Argumento é a base de acusação do governo americano em julgamento bilionário que começará na próxima semana

Para EUA, setor do cigarro age como máfia

NEIL BUCKLEY
DO "FINANCIAL TIMES"

Em 15 de dezembro de 1953, os presidentes de várias das maiores empresas de cigarro dos EUA se reuniram no hotel Plaza, em Nova York, num encontro incomum. A questão em pauta eram as crescentes preocupações médicas com os riscos do cigarro à saúde.
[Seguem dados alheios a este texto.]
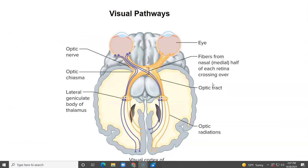Let's look at the visual pathway. We have the left and right eye, but some sensory information — especially from the medial portion of the retina — actually crosses over and goes to the other side of the brain, then travels to the visual cortex, which is in the back lobe of the brain. So information from the right and left sides crosses and goes to the opposite side of the brain.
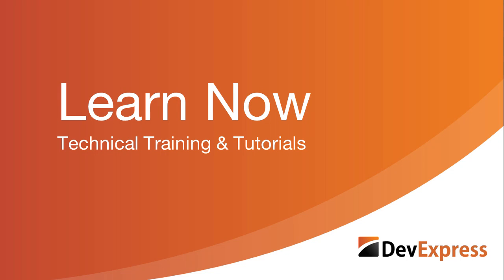Welcome to the DevExpress Learn Now series, a set of quick tutorials to help you get started using our controls.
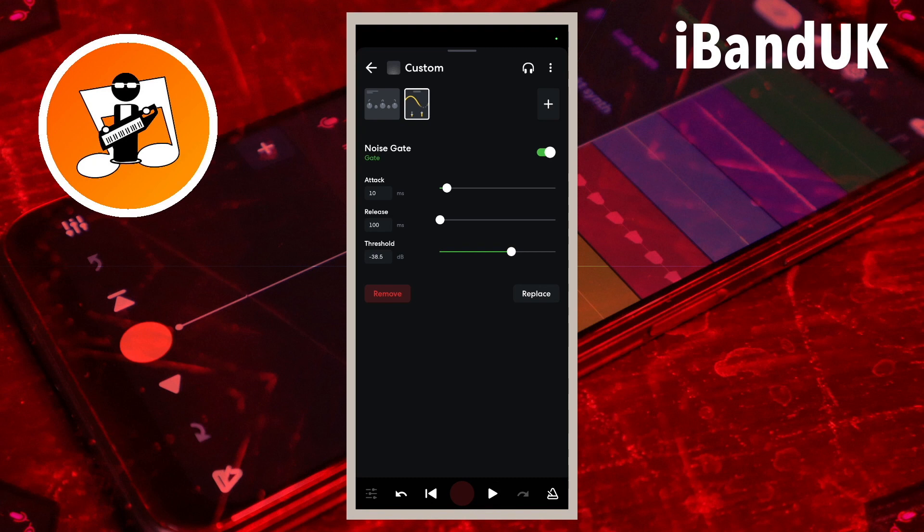You want the dot on the line to the right of the word 'threshold' as far to the right as possible without the beginning or end of the vocals being clipped. For my vocals, the threshold is about minus 38 dB.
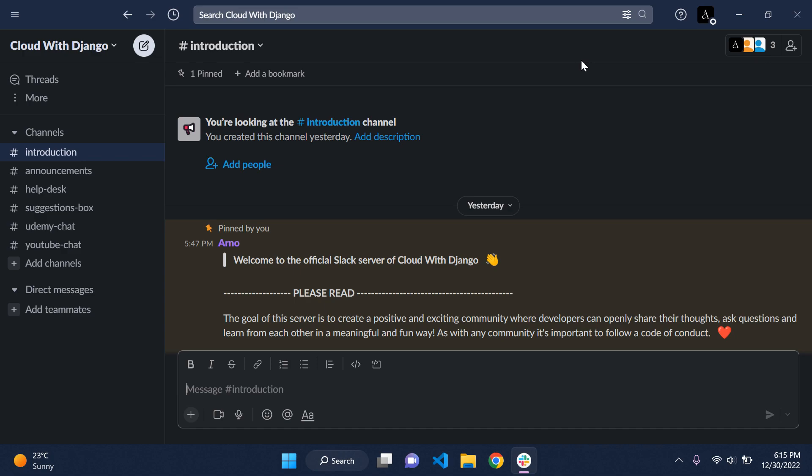Hey everyone, I hope you're all doing great. This is going to be a very short video. I just wanted to let you guys know that I've gone ahead and created a Slack community — a Slack server — for Cloud with Django. I feel this will be much more helpful and more relevant in terms of asking questions and helping each other.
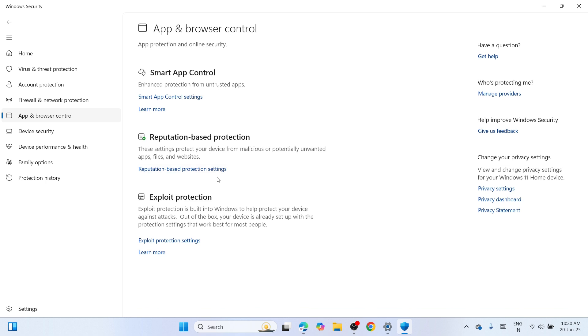The moment you've clicked on it you'll be able to bring up the App and Browser Control settings. Find Reputation Base Protection and there you can see Reputation Base Protection settings. Please click on that one.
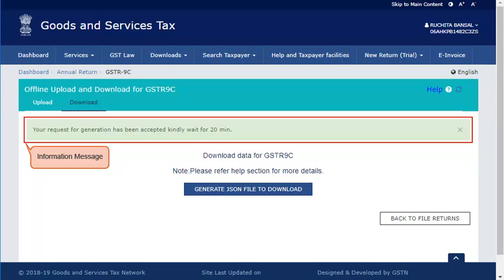Notice the information message displayed on screen that your request for generation has been accepted and kindly wait for 20 minutes.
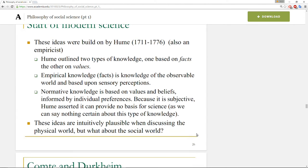These ideas were built on by Hume, also an empiricist. The contribution I want to pick up on here, when dealing with investigation of the social world, is his fact-value distinction. We can use empirical information to understand people's values, and we can use empirical investigation to understand the facts of the matter. But our normative analysis makes different claims on a different grounding than our empirical analysis. Hume outlined two types of knowledge: one based on facts, the other on values. Empirical knowledge — or facts — is knowledge of the observable world based upon our sensory perceptions. Normative knowledge is based on values and beliefs formed by individual preferences.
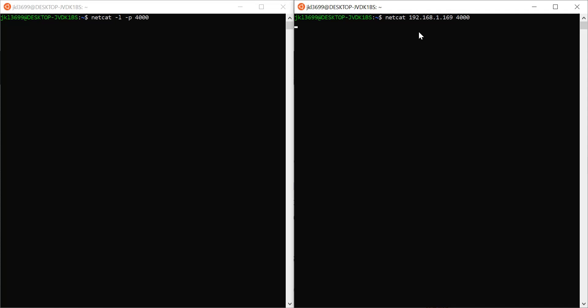Port 4000 — that's the only command you need. Now you're ready to start sending messages. I can say 'hello world' on the client side, and as you can see, it appears on the side of the server.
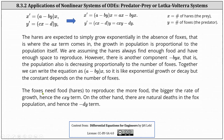The foxes need food — the hares — to reproduce. The more food, the bigger the rate of growth, hence the cyx term in the equation for y prime. On the other hand, there are natural deaths in the fox population, and hence the term minus dy.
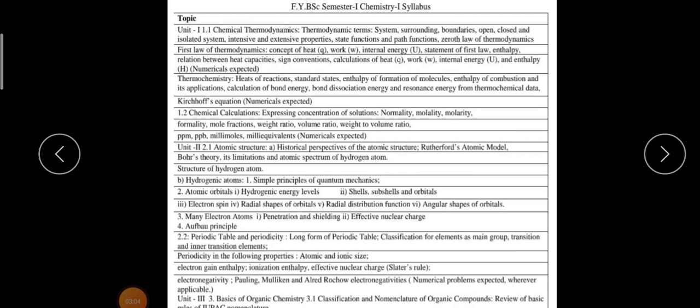In Unit 1, we have to talk about two things. The first lesson is Chemical Thermodynamics. You have already seen and dealt with this particular part in your 12th standard. Here I am requesting you to go through this particular syllabus again — you will get a good idea.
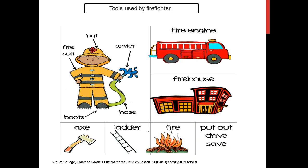Here are the tools used by a firefighter: firesuit, hat, water pipe, boots, axe, ladder, and fire engine. Can a carpenter use these tools to make furniture? No. Can firefighters use a doctor's tools for their profession? No — these tools are specialized for firefighters. We learnt many examples for these tools.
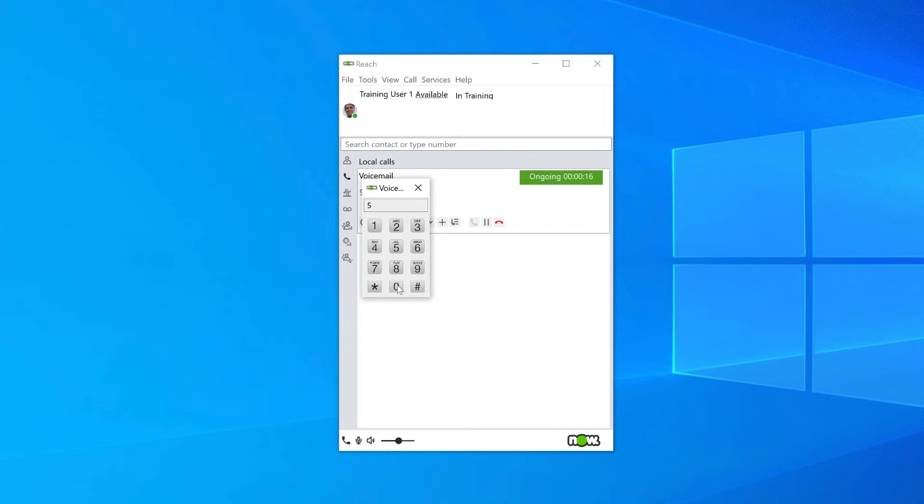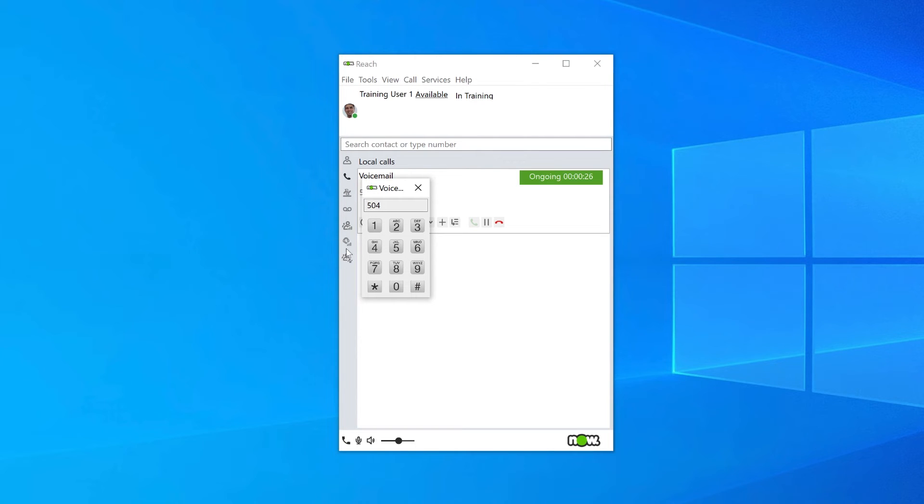If you want to listen to the greeting, press 4. If you're not happy with the greeting, you'll first need to delete it by pressing 6. You can then press 5 and follow the prompts to record the greeting again.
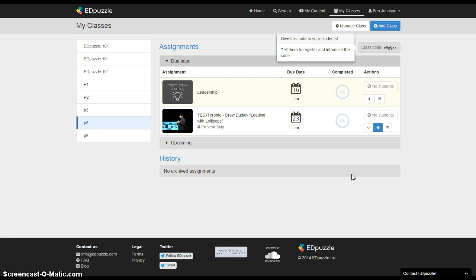So give Edpuzzle a try. I think you'll like it. And thanks for watching this week's High Tech Friday.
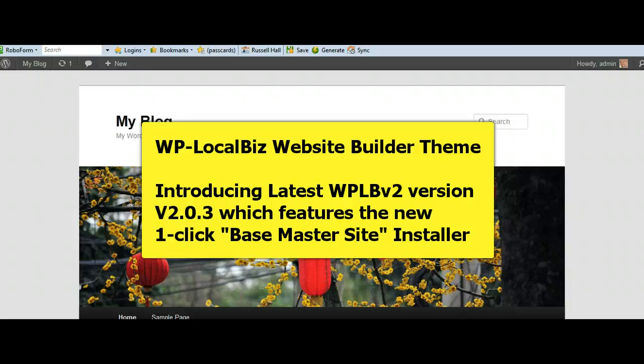Hello and greetings once again. Russell Hall for WP LocalBiz, the ultimate website builder for local businesses and offline marketers.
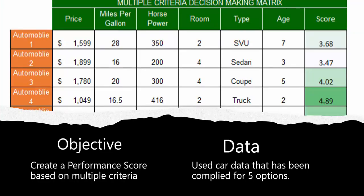Our objective is to create a performance score based on multiple criteria. The data set we're looking at is a used car data set that has five different automobile options. The features of the data are price, miles per gallon, horsepower, room, type, age, and score. Room is probably car doors.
Cinco estudos já haviam sugerido a existência de vínculos entre o cigarro e o câncer -e a imprensa estava tomando nota do assunto.
Numa das salas de reuniões do hotel, os presidentes da American Tobacco, da Benson & Hedges, da Philip Morris e da US Tobacco deram o primeiro passo para criar o que viria a tornar-se uma estratégia unificada para passar ao público a mensagem tranqüilizadora de que não havia evidências de que o cigarro fizesse mal à saúde.
Ao longo dos 50 anos seguintes, as empresas de cigarro americanas iriam conspirar para fraudar os consumidores, negando os perigos do fumo e da fumaça inalada por não fumantes. Iriam financiar cientistas solidários com elas para que conduzissem pesquisas que semeassem a confusão em torno da questão. Iriam manipular os níveis de nicotina para criar dependência entre os fumantes e iriam propositalmente difundir o cigarro entre os jovens. Porém, em boa parte desse tempo, elas sabiam que existia um vínculo causal entre o cigarro e a doença.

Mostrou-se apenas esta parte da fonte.